The accompanying unaudited consolidated financial
statements include the accounts of TVCN, and its wholly-owned
subsidiaries. All material and inter-company accounts and
transactions have been eliminated in consolidation.
Interim Unaudited Financial Statements
Information with respect to June 30, 1999, and June 30,
1998, and the periods then ended have not been audited by TVCN's
independent auditors, but, in the opinion of management, reflect
all adjustments (which include only normal recurring adjustments)
necessary for the fair presentation of the operations of TVCN.
The results of operations for the three months ending June 30,
1999, and June 30, 1998, are not necessarily indicative of the
results of the entire fiscal year.
The preparation of the interim report is based on the same
accounting standards, and the statements are in conformity with
Generally Accepted Accounting Principles (GAAP). Management
believes there are no material misstatements.
Earnings Per Share
Net income per common share is based on the weighted
average number of 50,835,954, and 41,188,454 common shares
outstanding for 1999 and 1998, respectively.
Income Tax
From its inception on July 7, 1987, TVCN incurred
operating losses through March 31, 1993, which included certain
accrued expenses that are not deductible for tax purposes until
paid, and has net operating loss carry forwards available to
offset future year taxable income. TVCN has the following net
operating loss carry forwards:
Net Operating Year of
Loss Carry forward Expiration
Year ended March 31, 1999 $5,300,000 2014
ITEM 2. Management's Discussion and Analysis of Financial
Conditions and Results of Operations
Wireless Cable TV ("WCTV") Operations
Our main business activities since inception in
1987 has been obtaining TV channel leases, and the acquisition
and the development and sale of Wireless Cable TV (WCTV)
licenses and stations. The development of Wireless Cable TV
stations to their full growth potential requires substantial
capital resources which have not been adequately available to us.
As a result we have been able to only partially develop
certain of the stations, while holding other stations
and/or licenses without development, and selling such stations
and/or licenses to potential buyers at a profit.

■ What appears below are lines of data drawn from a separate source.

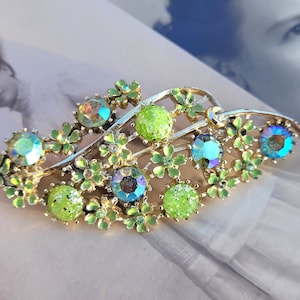 Vintage Aurora Borealis Green Rhinestone Floral Gold Tone Brooch Pin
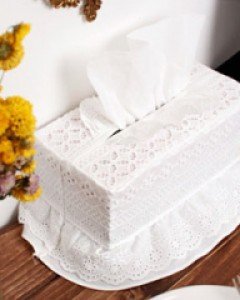 슈피체 프릴 티슈커버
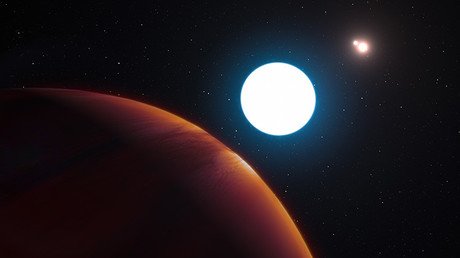 Más impresionante que el hogar de Luke Skywalker: descubren un planeta con tres soles (video)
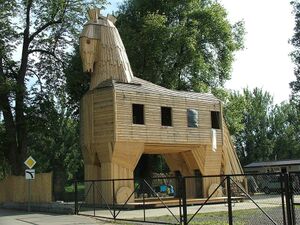 1280px-Trojan horse in Troja, Prague 2717.jpg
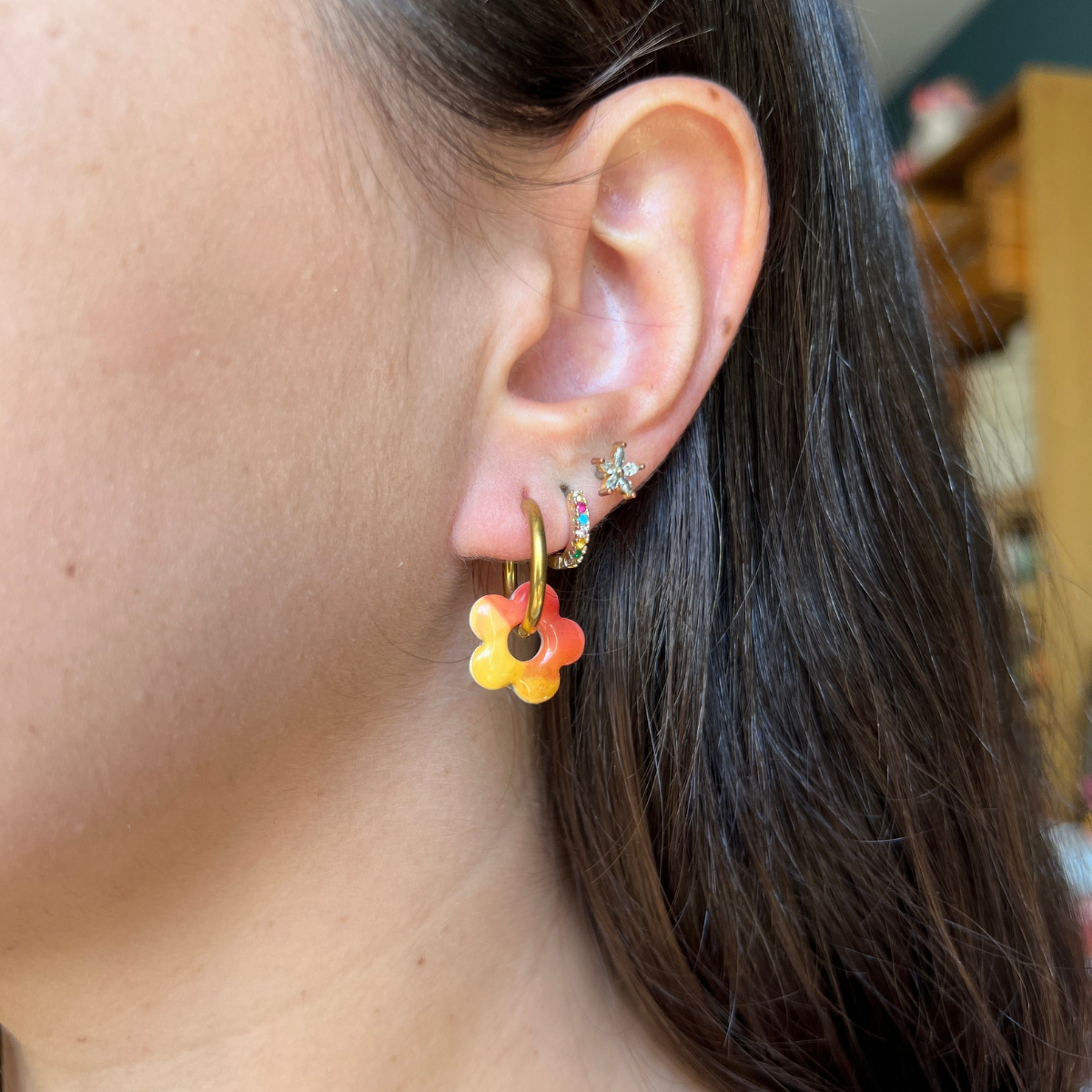 Pampille ronde mini Mila portée à l'oreille, coloris automne, argile polymère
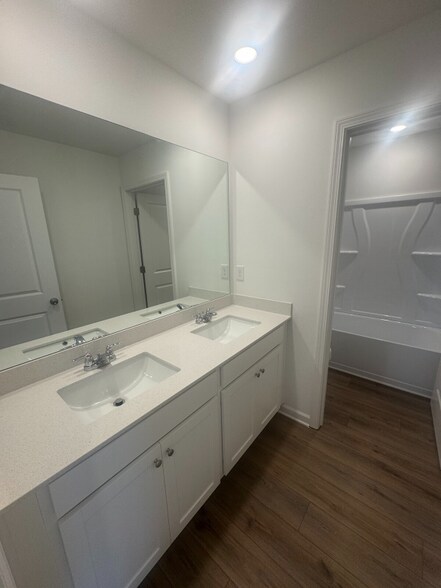 Building Photo - 133 Rolling Mdw Wy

Currently, TVCN is operating a WCTV station in Salina, KS,
and San Luis Obispo, CA. Additionally, we are leasing the WCTV
stations in Mobile, AL and Woodward, OK to non-affiliated
entities. These stations have a limited number of TV channels and
subscribers. The revenues generated from these stations are very
limited and are not sufficient to cover our expenses. Neither
the revenues nor the number of TV channels of the operating Wireless Cable TV
stations are expected to increase materially any time soon.
We also have a small (four-TV channels) wireless station in Hays, KS,
which is not producing any revenues. In cooperation with our
affiliate, Multichannel Distribution of America ("MDA"), Inc.,
TVCN has constructed four-channel WCTV stations in Myrtle Beach,
SC, and Scottsbluff, NE. MDA is owned and controlled by TVCN's
president. For more detailed information, see "Wireless Cable TV
("WCTV") Operations in TVCN's amended 10-KSB/A for the period
ended March 31, 1999.
TVCN is involved in a three-way transaction with our
affiliate, Multichannel Distribution of America ("MDA"), and
Heartland Communications of Plano, TX (now known as NUCENTIX
Broadband). Under the transaction, we acquired a four-TV channel
station in Quincy, IL from MDA for the issuance of 8,507,460
restricted shares of our common stock to MDA, and subsequently assigned and
transferred the station and its license to Heartland. In exchange for the
assignment and transfer, among other things, we acquired from Heartland the
right to obtain additional TV licenses in Salina, KS.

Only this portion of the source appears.